(Dataset records)
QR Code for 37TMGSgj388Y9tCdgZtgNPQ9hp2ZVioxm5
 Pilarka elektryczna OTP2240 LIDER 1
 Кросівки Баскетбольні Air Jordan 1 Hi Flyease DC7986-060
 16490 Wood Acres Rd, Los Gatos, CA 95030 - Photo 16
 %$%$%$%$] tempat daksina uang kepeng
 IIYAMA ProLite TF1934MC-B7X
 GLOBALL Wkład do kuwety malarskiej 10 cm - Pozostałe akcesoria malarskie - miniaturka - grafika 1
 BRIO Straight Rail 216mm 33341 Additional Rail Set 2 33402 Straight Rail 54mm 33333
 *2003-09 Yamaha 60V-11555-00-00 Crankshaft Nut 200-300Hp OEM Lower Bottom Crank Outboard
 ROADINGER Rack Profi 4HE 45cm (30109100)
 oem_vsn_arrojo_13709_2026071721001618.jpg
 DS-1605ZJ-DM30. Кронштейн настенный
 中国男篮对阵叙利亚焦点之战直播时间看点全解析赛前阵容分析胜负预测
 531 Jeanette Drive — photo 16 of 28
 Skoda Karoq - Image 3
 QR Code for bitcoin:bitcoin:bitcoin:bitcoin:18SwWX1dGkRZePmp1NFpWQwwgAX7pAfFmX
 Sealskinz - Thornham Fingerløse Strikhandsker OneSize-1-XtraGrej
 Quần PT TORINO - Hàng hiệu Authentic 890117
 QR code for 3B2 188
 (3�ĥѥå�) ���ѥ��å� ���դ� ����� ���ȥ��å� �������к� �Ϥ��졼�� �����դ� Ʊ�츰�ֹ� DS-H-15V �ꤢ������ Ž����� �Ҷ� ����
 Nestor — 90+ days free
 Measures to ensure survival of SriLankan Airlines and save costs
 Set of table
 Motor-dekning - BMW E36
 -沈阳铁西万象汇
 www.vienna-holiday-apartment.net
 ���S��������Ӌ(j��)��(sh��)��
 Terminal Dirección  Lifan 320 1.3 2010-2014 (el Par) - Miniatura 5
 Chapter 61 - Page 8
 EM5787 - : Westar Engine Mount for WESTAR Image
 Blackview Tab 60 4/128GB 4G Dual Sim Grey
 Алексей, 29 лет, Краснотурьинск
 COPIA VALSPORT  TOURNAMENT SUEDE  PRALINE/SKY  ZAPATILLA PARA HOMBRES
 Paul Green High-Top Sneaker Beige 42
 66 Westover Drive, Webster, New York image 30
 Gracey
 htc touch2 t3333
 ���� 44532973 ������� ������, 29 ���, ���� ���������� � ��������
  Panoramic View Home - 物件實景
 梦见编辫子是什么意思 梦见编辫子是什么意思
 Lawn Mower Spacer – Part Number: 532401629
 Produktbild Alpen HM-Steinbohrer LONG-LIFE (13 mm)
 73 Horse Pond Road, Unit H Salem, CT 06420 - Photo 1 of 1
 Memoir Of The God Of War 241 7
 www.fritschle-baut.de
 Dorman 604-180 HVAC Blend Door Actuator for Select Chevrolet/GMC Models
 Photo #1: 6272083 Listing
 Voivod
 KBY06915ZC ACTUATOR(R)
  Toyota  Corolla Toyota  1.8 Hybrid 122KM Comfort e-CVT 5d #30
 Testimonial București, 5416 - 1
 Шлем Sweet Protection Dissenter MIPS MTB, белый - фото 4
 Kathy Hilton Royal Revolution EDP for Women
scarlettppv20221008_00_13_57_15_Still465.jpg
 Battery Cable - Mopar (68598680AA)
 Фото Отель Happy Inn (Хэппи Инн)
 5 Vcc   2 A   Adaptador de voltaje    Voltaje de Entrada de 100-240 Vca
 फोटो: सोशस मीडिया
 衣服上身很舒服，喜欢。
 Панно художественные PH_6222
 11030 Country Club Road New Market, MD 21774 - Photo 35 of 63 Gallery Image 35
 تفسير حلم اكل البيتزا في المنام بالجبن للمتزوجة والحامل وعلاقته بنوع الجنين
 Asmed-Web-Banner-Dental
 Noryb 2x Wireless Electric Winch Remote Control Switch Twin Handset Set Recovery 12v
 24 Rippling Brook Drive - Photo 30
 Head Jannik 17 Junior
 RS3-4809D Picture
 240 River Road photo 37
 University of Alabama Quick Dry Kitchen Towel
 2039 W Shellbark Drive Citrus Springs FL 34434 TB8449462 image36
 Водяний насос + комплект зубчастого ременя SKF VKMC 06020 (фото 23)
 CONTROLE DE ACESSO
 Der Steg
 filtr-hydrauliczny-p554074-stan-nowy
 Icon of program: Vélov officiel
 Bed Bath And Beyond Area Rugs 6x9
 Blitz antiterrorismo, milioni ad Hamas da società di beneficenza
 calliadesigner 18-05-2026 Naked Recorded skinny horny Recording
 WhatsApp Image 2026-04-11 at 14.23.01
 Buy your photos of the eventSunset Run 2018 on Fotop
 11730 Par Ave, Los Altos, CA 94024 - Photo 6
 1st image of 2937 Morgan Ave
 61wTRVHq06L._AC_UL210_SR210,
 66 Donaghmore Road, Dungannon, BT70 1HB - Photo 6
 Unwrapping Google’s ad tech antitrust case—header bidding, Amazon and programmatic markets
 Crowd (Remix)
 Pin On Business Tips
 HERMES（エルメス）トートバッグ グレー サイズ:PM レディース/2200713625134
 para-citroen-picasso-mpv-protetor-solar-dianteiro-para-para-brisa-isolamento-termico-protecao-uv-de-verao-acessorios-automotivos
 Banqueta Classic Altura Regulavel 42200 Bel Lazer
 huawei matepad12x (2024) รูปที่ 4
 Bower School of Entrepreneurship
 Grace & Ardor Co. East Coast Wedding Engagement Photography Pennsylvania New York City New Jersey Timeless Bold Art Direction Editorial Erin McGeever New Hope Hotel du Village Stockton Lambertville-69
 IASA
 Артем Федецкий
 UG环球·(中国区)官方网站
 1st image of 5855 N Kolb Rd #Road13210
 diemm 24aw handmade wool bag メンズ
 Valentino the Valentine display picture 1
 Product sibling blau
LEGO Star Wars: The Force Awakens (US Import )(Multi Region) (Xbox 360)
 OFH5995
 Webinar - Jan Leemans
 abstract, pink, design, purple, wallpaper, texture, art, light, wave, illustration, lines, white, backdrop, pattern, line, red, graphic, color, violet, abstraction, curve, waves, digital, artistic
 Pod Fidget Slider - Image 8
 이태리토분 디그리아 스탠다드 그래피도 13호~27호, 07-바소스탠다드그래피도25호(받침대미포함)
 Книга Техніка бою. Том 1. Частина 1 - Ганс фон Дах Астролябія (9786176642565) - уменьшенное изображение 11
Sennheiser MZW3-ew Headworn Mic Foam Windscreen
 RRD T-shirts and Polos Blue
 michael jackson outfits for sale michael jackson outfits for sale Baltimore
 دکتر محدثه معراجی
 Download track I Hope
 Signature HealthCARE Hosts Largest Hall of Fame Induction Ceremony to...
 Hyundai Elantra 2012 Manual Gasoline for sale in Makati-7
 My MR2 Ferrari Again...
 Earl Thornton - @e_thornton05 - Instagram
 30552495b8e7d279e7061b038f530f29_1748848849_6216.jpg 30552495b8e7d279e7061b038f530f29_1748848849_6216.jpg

EXERCISE AIM: What you need to do is repeat every record above exactly.

OUTPUT FOR THIS EXERCISE:
QR Code for 37TMGSgj388Y9tCdgZtgNPQ9hp2ZVioxm5
 Pilarka elektryczna OTP2240 LIDER 1
 Кросівки Баскетбольні Air Jordan 1 Hi Flyease DC7986-060
 16490 Wood Acres Rd, Los Gatos, CA 95030 - Photo 16
 %$%$%$%$] tempat daksina uang kepeng
 IIYAMA ProLite TF1934MC-B7X
 GLOBALL Wkład do kuwety malarskiej 10 cm - Pozostałe akcesoria malarskie - miniaturka - grafika 1
 BRIO Straight Rail 216mm 33341 Additional Rail Set 2 33402 Straight Rail 54mm 33333
 *2003-09 Yamaha 60V-11555-00-00 Crankshaft Nut 200-300Hp OEM Lower Bottom Crank Outboard
 ROADINGER Rack Profi 4HE 45cm (30109100)
 oem_vsn_arrojo_13709_2026071721001618.jpg
 DS-1605ZJ-DM30. Кронштейн настенный
 中国男篮对阵叙利亚焦点之战直播时间看点全解析赛前阵容分析胜负预测
 531 Jeanette Drive — photo 16 of 28
 Skoda Karoq - Image 3
 QR Code for bitcoin:bitcoin:bitcoin:bitcoin:18SwWX1dGkRZePmp1NFpWQwwgAX7pAfFmX
 Sealskinz - Thornham Fingerløse Strikhandsker OneSize-1-XtraGrej
 Quần PT TORINO - Hàng hiệu Authentic 890117
 QR code for 3B2 188
 (3�ĥѥå�) ���ѥ��å� ���դ� ����� ���ȥ��å� �������к� �Ϥ��졼�� �����դ� Ʊ�츰�ֹ� DS-H-15V �ꤢ������ Ž����� �Ҷ� ����
 Nestor — 90+ days free
 Measures to ensure survival of SriLankan Airlines and save costs
 Set of table
 Motor-dekning - BMW E36
 -沈阳铁西万象汇
 www.vienna-holiday-apartment.net
 ���S��������Ӌ(j��)��(sh��)��
 Terminal Dirección  Lifan 320 1.3 2010-2014 (el Par) - Miniatura 5
 Chapter 61 - Page 8
 EM5787 - : Westar Engine Mount for WESTAR Image
 Blackview Tab 60 4/128GB 4G Dual Sim Grey
 Алексей, 29 лет, Краснотурьинск
 COPIA VALSPORT  TOURNAMENT SUEDE  PRALINE/SKY  ZAPATILLA PARA HOMBRES
 Paul Green High-Top Sneaker Beige 42
 66 Westover Drive, Webster, New York image 30
 Gracey
 htc touch2 t3333
 ���� 44532973 ������� ������, 29 ���, ���� ���������� � ��������
  Panoramic View Home - 物件實景
 梦见编辫子是什么意思 梦见编辫子是什么意思
 Lawn Mower Spacer – Part Number: 532401629
 Produktbild Alpen HM-Steinbohrer LONG-LIFE (13 mm)
 73 Horse Pond Road, Unit H Salem, CT 06420 - Photo 1 of 1
 Memoir Of The God Of War 241 7
 www.fritschle-baut.de
 Dorman 604-180 HVAC Blend Door Actuator for Select Chevrolet/GMC Models
 Photo #1: 6272083 Listing
 Voivod
 KBY06915ZC ACTUATOR(R)
  Toyota  Corolla Toyota  1.8 Hybrid 122KM Comfort e-CVT 5d #30
 Testimonial București, 5416 - 1
 Шлем Sweet Protection Dissenter MIPS MTB, белый - фото 4
 Kathy Hilton Royal Revolution EDP for Women
scarlettppv20221008_00_13_57_15_Still465.jpg
 Battery Cable - Mopar (68598680AA)
 Фото Отель Happy Inn (Хэппи Инн)
 5 Vcc   2 A   Adaptador de voltaje    Voltaje de Entrada de 100-240 Vca
 फोटो: सोशस मीडिया
 衣服上身很舒服，喜欢。
 Панно художественные PH_6222
 11030 Country Club Road New Market, MD 21774 - Photo 35 of 63 Gallery Image 35
 تفسير حلم اكل البيتزا في المنام بالجبن للمتزوجة والحامل وعلاقته بنوع الجنين
 Asmed-Web-Banner-Dental
 Noryb 2x Wireless Electric Winch Remote Control Switch Twin Handset Set Recovery 12v
 24 Rippling Brook Drive - Photo 30
 Head Jannik 17 Junior
 RS3-4809D Picture
 240 River Road photo 37
 University of Alabama Quick Dry Kitchen Towel
 2039 W Shellbark Drive Citrus Springs FL 34434 TB8449462 image36
 Водяний насос + комплект зубчастого ременя SKF VKMC 06020 (фото 23)
 CONTROLE DE ACESSO
 Der Steg
 filtr-hydrauliczny-p554074-stan-nowy
 Icon of program: Vélov officiel
 Bed Bath And Beyond Area Rugs 6x9
 Blitz antiterrorismo, milioni ad Hamas da società di beneficenza
 calliadesigner 18-05-2026 Naked Recorded skinny horny Recording
 WhatsApp Image 2026-04-11 at 14.23.01
 Buy your photos of the eventSunset Run 2018 on Fotop
 11730 Par Ave, Los Altos, CA 94024 - Photo 6
 1st image of 2937 Morgan Ave
 61wTRVHq06L._AC_UL210_SR210,
 66 Donaghmore Road, Dungannon, BT70 1HB - Photo 6
 Unwrapping Google’s ad tech antitrust case—header bidding, Amazon and programmatic markets
 Crowd (Remix)
 Pin On Business Tips
 HERMES（エルメス）トートバッグ グレー サイズ:PM レディース/2200713625134
 para-citroen-picasso-mpv-protetor-solar-dianteiro-para-para-brisa-isolamento-termico-protecao-uv-de-verao-acessorios-automotivos
 Banqueta Classic Altura Regulavel 42200 Bel Lazer
 huawei matepad12x (2024) รูปที่ 4
 Bower School of Entrepreneurship
 Grace & Ardor Co. East Coast Wedding Engagement Photography Pennsylvania New York City New Jersey Timeless Bold Art Direction Editorial Erin McGeever New Hope Hotel du Village Stockton Lambertville-69
 IASA
 Артем Федецкий
 UG环球·(中国区)官方网站
 1st image of 5855 N Kolb Rd #Road13210
 diemm 24aw handmade wool bag メンズ
 Valentino the Valentine display picture 1
 Product sibling blau
LEGO Star Wars: The Force Awakens (US Import )(Multi Region) (Xbox 360)
 OFH5995
 Webinar - Jan Leemans
 abstract, pink, design, purple, wallpaper, texture, art, light, wave, illustration, lines, white, backdrop, pattern, line, red, graphic, color, violet, abstraction, curve, waves, digital, artistic
 Pod Fidget Slider - Image 8
 이태리토분 디그리아 스탠다드 그래피도 13호~27호, 07-바소스탠다드그래피도25호(받침대미포함)
 Книга Техніка бою. Том 1. Частина 1 - Ганс фон Дах Астролябія (9786176642565) - уменьшенное изображение 11
Sennheiser MZW3-ew Headworn Mic Foam Windscreen
 RRD T-shirts and Polos Blue
 michael jackson outfits for sale michael jackson outfits for sale Baltimore
 دکتر محدثه معراجی
 Download track I Hope
 Signature HealthCARE Hosts Largest Hall of Fame Induction Ceremony to...
 Hyundai Elantra 2012 Manual Gasoline for sale in Makati-7
 My MR2 Ferrari Again...
 Earl Thornton - @e_thornton05 - Instagram
 30552495b8e7d279e7061b038f530f29_1748848849_6216.jpg 30552495b8e7d279e7061b038f530f29_1748848849_6216.jpg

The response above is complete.